» Information supplied
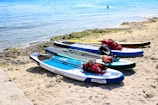 Several paddleboards are lined up on a sandy beach, each equipped with red life jackets and other gear. The boards are positioned near the water's edge with clear blue water in the background. A distant swimmer can be seen enjoying the sea. The scene captures a vibrant, sunny day ideal for water activities.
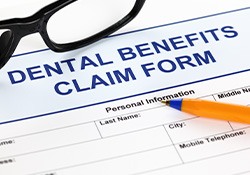 Dental insurance paperwork on a desk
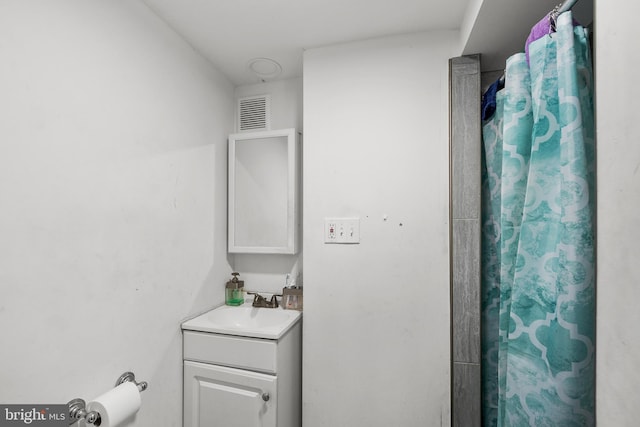 bathroom featuring vanity, a shower with shower curtain, and visible vents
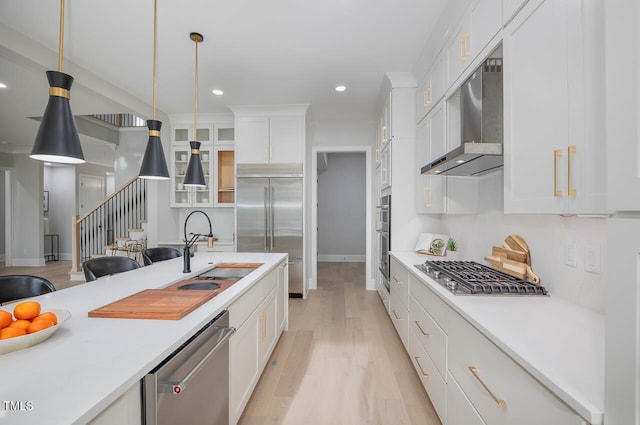 kitchen featuring appliances with stainless steel finishes, wall chimney range hood, pendant lighting, white cabinets, and sink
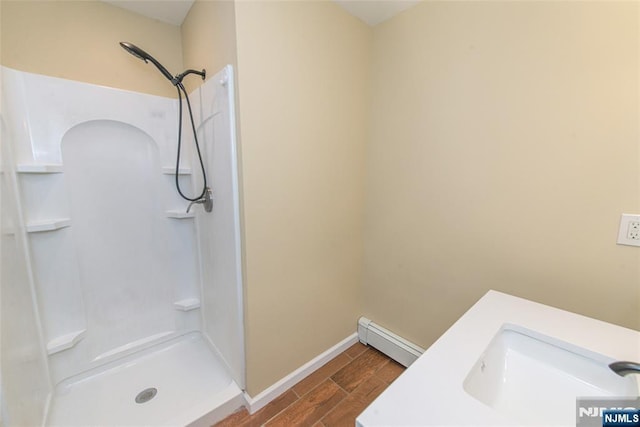 bathroom with sink, a shower, and a baseboard radiator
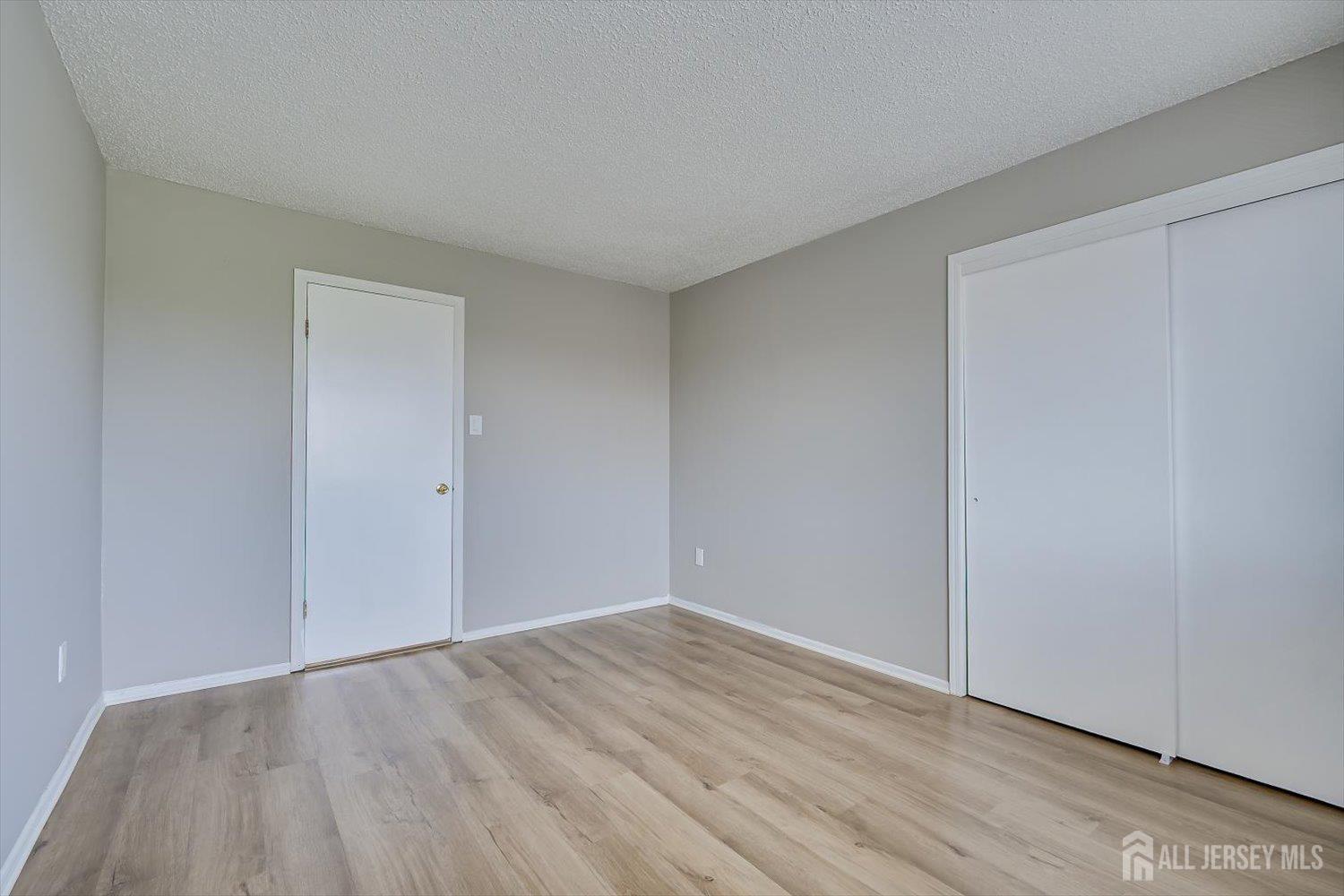 1607 Edison Glen Terrace Edison, NJ 08837 - Photo 16 of 19 a view of an empty room with wooden floor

» Task directions
The copy should hold exactly the lines from the line containing "bathroom with sink, a" through the end of the data, both ends included, and no pictures.

» Reply to the task
 bathroom with sink, a shower, and a baseboard radiator
 1607 Edison Glen Terrace Edison, NJ 08837 - Photo 16 of 19 a view of an empty room with wooden floor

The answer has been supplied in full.